We can use Elasticsearch aggregations to get summaries and statistics on our product data, such as the most common category for a given query. Using product titles as queries, we can use Elasticsearch to assign categories to products that don't have categories or have messy categories.
Every aggregation is simply a combination of one or more buckets and zero or more metrics.
- Buckets - Collections of documents that meet a criterion
- Metrics - Statistics calculated on the documents in a bucket
Without a metric, the aggregation will return an approximate document count for values in the bucket.
For example, the category bucket would contain the values Electronics, Laptops, and Chargers.
Augmenting the product catalog with agg tags should enable search to return relevant results for broad searches, e.g. movies, as opposed to returning products with the word movies in their titles.
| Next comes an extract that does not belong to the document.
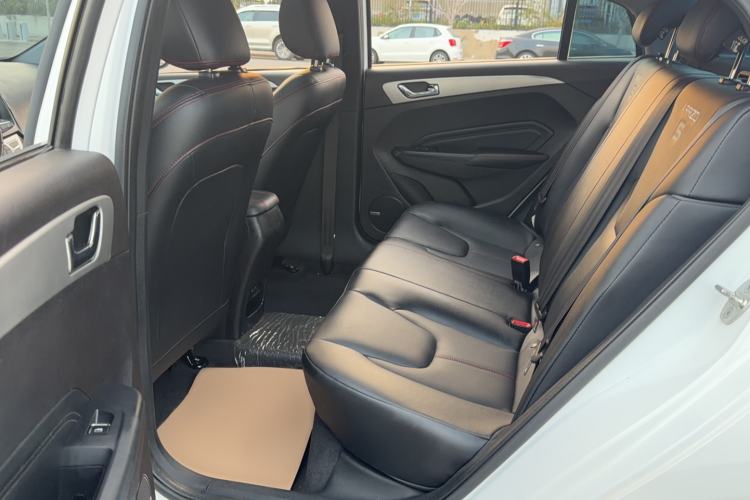 Used Chery Arrizo 5 2018 1.5L Manual Tribute to Youth Edition Interior 2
A controlled vocabulary of product tags across stores could enable additional navigational features within the browsing experience e.g. after returning search results, give the user the ability to filter to a specific category or back out a search to a broader category.
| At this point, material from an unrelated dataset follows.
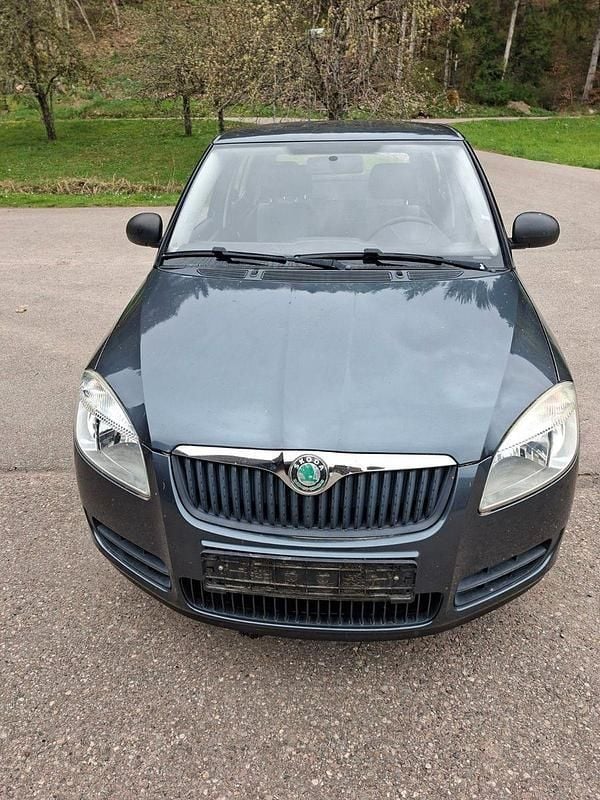 Gebraucht Skoda Fabia 60 PS (44 kW) 2010 Grau Kleinwagen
A controlled vocabulary when combined with user events data will enable a robust data set of user preferences for personalization.
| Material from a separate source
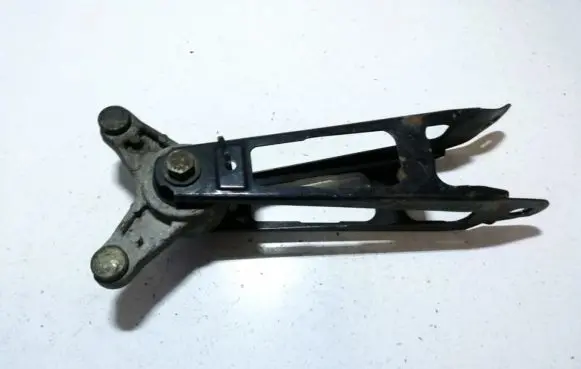 Volvo 850 Engine mounting bracket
- Define environment variables
export PROJECT="production"
export ZONE="us-central1-a"
export CLUSTER="my_cluster"
export COMPONENT="my_component"
export GCS_DIR="gs://categories"
export VERSION=1
gcloud config set project $PROJECT
gcloud config set compute/zone $ZONE
gcloud config set container/cluster $CLUSTER
gcloud container clusters get-credentials $CLUSTER
- Build docker image in logstash folder
docker build -f docker/agg-tags-Dockerfile --tag us.gcr.io/$PROJECT/logstash-agg-tags:6.2.4-$VERSION .
- Test docker image
docker run --rm --entrypoint bash -it us.gcr.io/production/honey-logstash-agg-tags:6.2.4-$VERSION
- Push image to Docker registry
gcloud docker -- push us.gcr.io/$PROJECT/logstash-agg-tags:6.2.4-$VERSION
- apply kubernetes
envsubst < yml/es-agg-tags-logstash.yml | kubectl apply -f -